Find common substrings between two character variables

Question

I have two character variables (names of objects) and I want to extract the largest common substring.

a <- c('blahABCfoo', 'blahDEFfoo')
b <- c('XXABC-123', 'XXDEF-123')

I want the following as a result:

[1] "ABC" "DEF"

These vectors as input should give the same result:

a <- c('textABCxx', 'textDEFxx')
b <- c('zzABCblah', 'zzDEFblah')

These examples are representative.

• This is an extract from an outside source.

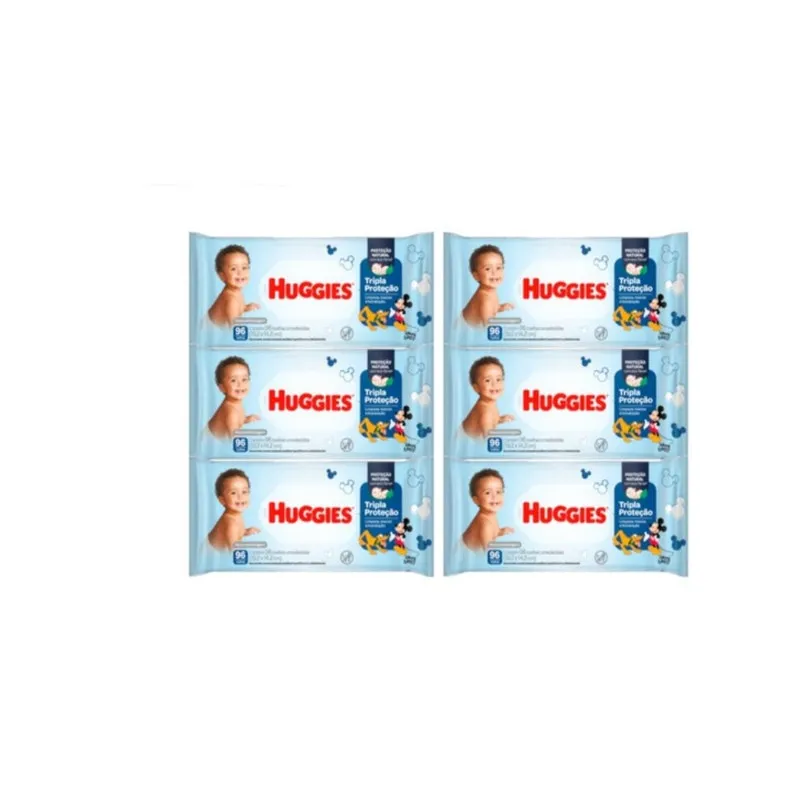 Kit 06 X Lenços Umedecidos Huggies Tripla Proteção Azul C/96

The strings contain identifying elements, and the remainder of the text in each vector element is common, but unknown.

Is there a solution, in one of the following places (in order of preference):

Base R
Recommended Packages
Packages available on CRAN

The answer to the supposed-duplicate does not fulfill these requirements.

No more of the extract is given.